LGBT or GLBT is an initialism that stands for lesbian, gay, bisexual, and transgender. In use since the 1990s, the term is an adaptation of the initialism LGB, which began to replace the term gay in reference to the broader LGBT community beginning in the mid-to-late 1980s. The initialism, as well as some of its common variants, functions as an umbrella term for sexuality and gender identity.
It may refer to anyone who is non-heterosexual or non-cisgender, instead of exclusively to people who are lesbian, gay, bisexual, or transgender. To recognize this inclusion, a popular variant, LGBTQ, adds the letter Q for those who identify as queer or are questioning their sexual or gender identity. Those who add intersex people to LGBT groups or organizing may use the extended initialism LGBTI.
Other common variants also exist, such as LGBTQIA+, with the A standing for “asexual” or “aromantic“. Longer acronyms, with some being over twice as long as LGBT, have prompted criticism for their length, and the implication that the acronym refers to a single community is also controversial.
The first widely used term, homosexual, now carries negative connotations in the United States. It was replaced by homophile in the 1950s and 1960s, and subsequently gay in the 1970s; the latter term was adopted first by the homosexual community.

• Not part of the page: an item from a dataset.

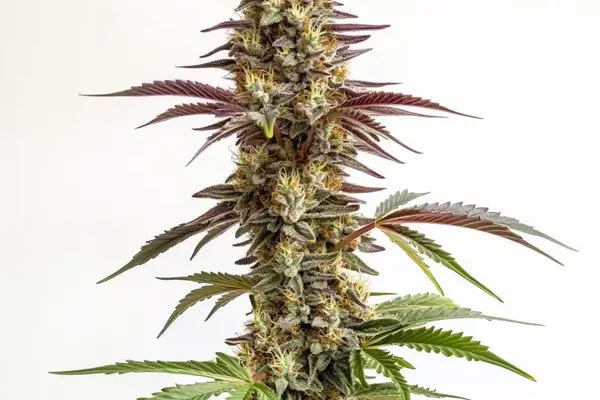 Blue Cookies (Blimburn Seeds) – offizielles Produktbild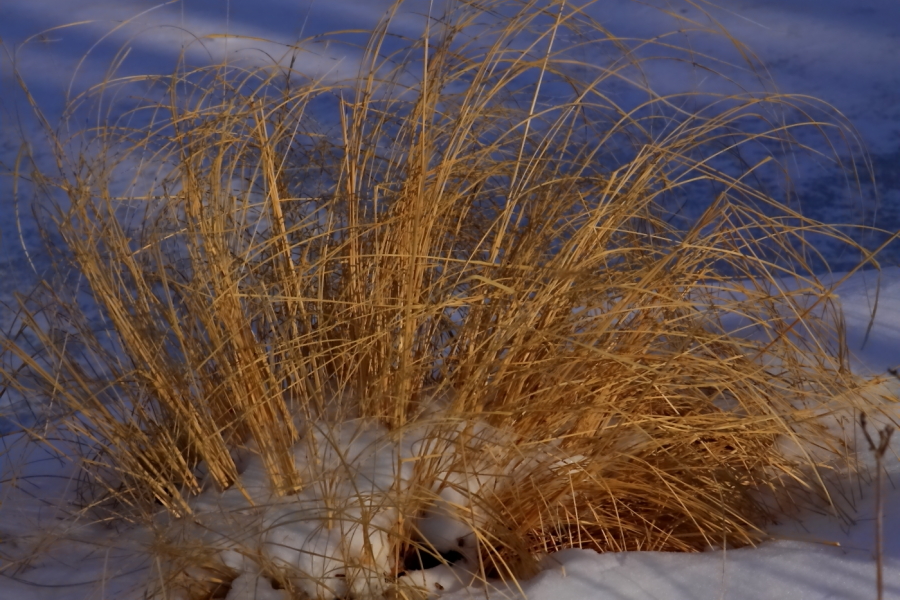 2011 01 23 IMG 18566e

As lesbians forged more public identities, the phrase “gay and lesbian” became more common. A dispute as to whether the primary focus of their political aims should be feminism or gay rights led to the dissolution of some lesbian organizations, including the Daughters of Billets, which disbanded in 1970 following disputes over which goal should take precedence.
As equality was a priority for lesbian feminists, disparity of roles between men and women or butch and femme were viewed as patriarchal. Lesbian feminists eschewed gender role play that had been pervasive in bars as well as the perceived chauvinism of gay men; many lesbian feminists refused to work with gay men, or take up their causes.
Lesbians who held the essentialist view, that they had been born homosexual and used the descriptor “lesbian” to define sexual attraction, often considered the separatist opinions of lesbian-feminists to be detrimental to the cause of gay rights. Bisexual and transgender people also sought recognition as legitimate categories within the larger minority community.
After the elation of change following group action in the 1969 Stonewall riots in New York City, in the late 1970s and the early 1980s, some gays and lesbians became less accepting of bisexual or transgender people. Critics said that transgender people were acting out stereotypes and bisexuals were simply gay men or lesbian women who were afraid to come out and be honest about their identity.
Each community has struggled to develop its own identity including whether, and how, to align with other gender and sexuality-based communities, at times excluding other subgroups; these conflicts continue to this day. LGBTQ activists and artists have created posters to raise consciousness about the issue since the movement began.